Material provided

*** Begin section ***

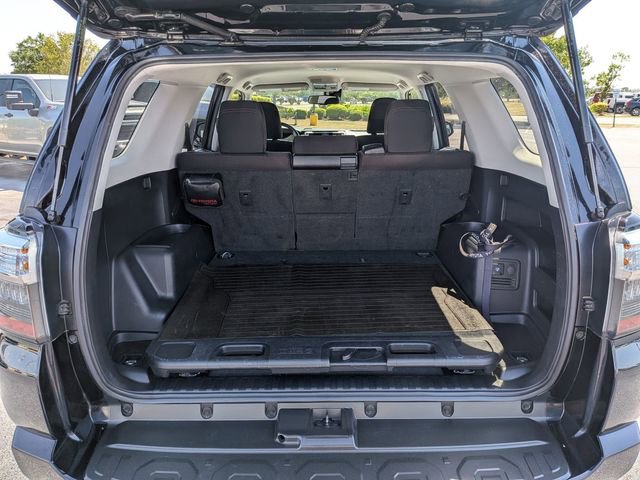 Used 2022 Toyota 4Runner Trail Special Edition AWD/4WD image 32
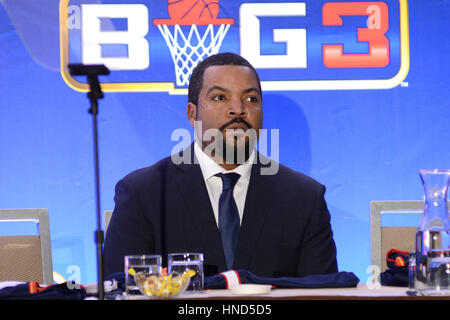 Ice Cube, NBPA Roger Mason Jr. und Unterhaltung executive Jeff Kwatinetz Gastgeber einer Pressekonferenz in New York City offiziell verkünden den Start der BIG3, einen neuen, professionellen 3-gegen-3-Basketball league Featuring: Ice Cube wo: New York, New York, Vereinigte Staaten von Amerika bei: Kredit-11. Januar 2017: Ivan Nikolov/WENN.com Stockfoto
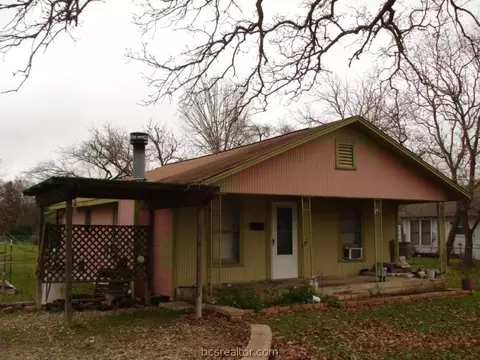 1602 Una Ave, Bryan, TX 77803 photo 2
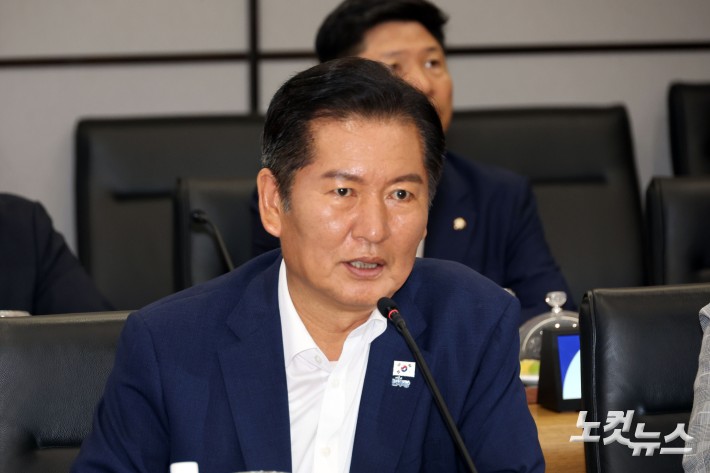 더불어민주당 정청래 당대표가 10일 오후 경기 평택 삼성전자 팽택캠퍼스에서 열린 반도체산업 발전을 위한 현장 간담회에서 인사말을 하고 있다. 25.09.10. 국회사진기자단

*** End section ***

Problem
Please set down the whole listing above exactly and skip every picture.

Worked solution
 Used 2022 Toyota 4Runner Trail Special Edition AWD/4WD image 32
 Ice Cube, NBPA Roger Mason Jr. und Unterhaltung executive Jeff Kwatinetz Gastgeber einer Pressekonferenz in New York City offiziell verkünden den Start der BIG3, einen neuen, professionellen 3-gegen-3-Basketball league Featuring: Ice Cube wo: New York, New York, Vereinigte Staaten von Amerika bei: Kredit-11. Januar 2017: Ivan Nikolov/WENN.com Stockfoto
 1602 Una Ave, Bryan, TX 77803 photo 2
 더불어민주당 정청래 당대표가 10일 오후 경기 평택 삼성전자 팽택캠퍼스에서 열린 반도체산업 발전을 위한 현장 간담회에서 인사말을 하고 있다. 25.09.10. 국회사진기자단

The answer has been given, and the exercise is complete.